■ **Dataset records**:
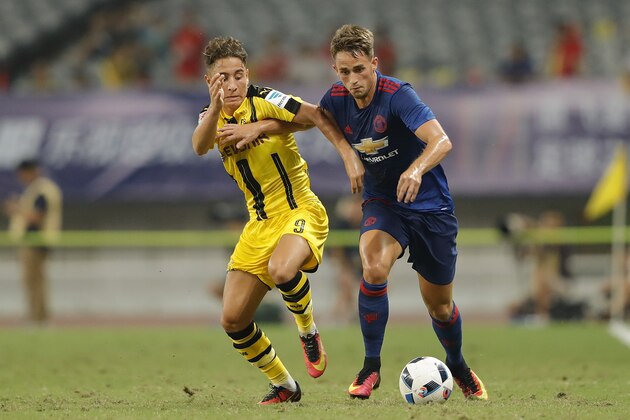 SHANGHAI, CHINA - JULY 22:  Adnan Januzaj (R) of Manchester United competes for the ball with Jacob Bruun Larsen of Borussia Dortmund
during the International Champions Cup match between Manchester United and Borussia Dortmund at Shanghai Stadium on July 22, 2016 in Shanghai, China.  (Photo by Lintao Zhang/Getty Images)
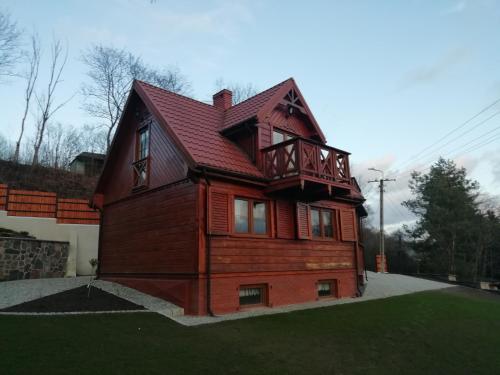 Фотография гостевого дома Całoroczny, Drewniany Domek letniskowy nad rzeką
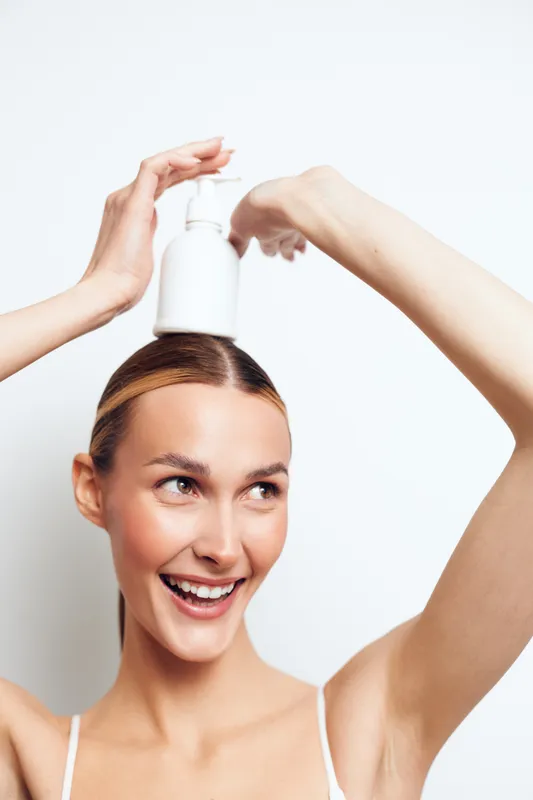 Woman haircare pump bottle apply hands above head smiling in a close up beauty routine on white background, concept for self care and personal grooming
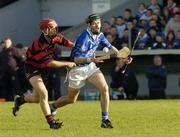10 October 2004; Sean Ryan, Mount Sion, is tackled by Niall O'Donnell, Ballygunner. Waterford Senior Hurling Final, Mount Sion v Ballygunner, Walsh Park, Waterford. Picture credit; Matt Browne / SPORTSFILE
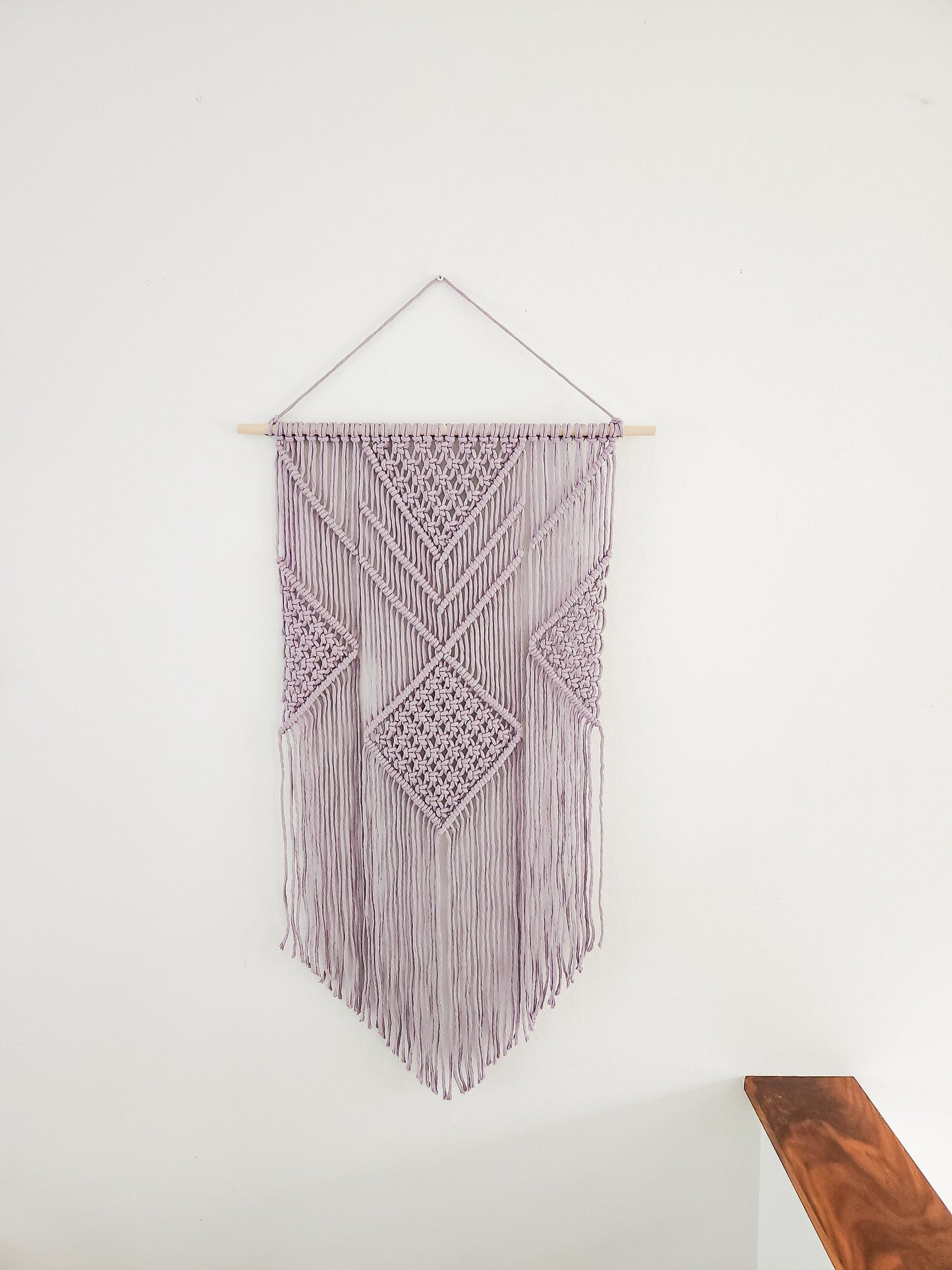 Lavender purple macrame wall hanging on a white wall.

■ **Instructions for the task**: From the first line of the entries above down to the line holding "Woman haircare pump", quote each line exactly and nothing else, skipping pictures.

■ **Response area**:
 SHANGHAI, CHINA - JULY 22:  Adnan Januzaj (R) of Manchester United competes for the ball with Jacob Bruun Larsen of Borussia Dortmund
during the International Champions Cup match between Manchester United and Borussia Dortmund at Shanghai Stadium on July 22, 2016 in Shanghai, China.  (Photo by Lintao Zhang/Getty Images)
 Фотография гостевого дома Całoroczny, Drewniany Domek letniskowy nad rzeką
 Woman haircare pump bottle apply hands above head smiling in a close up beauty routine on white background, concept for self care and personal grooming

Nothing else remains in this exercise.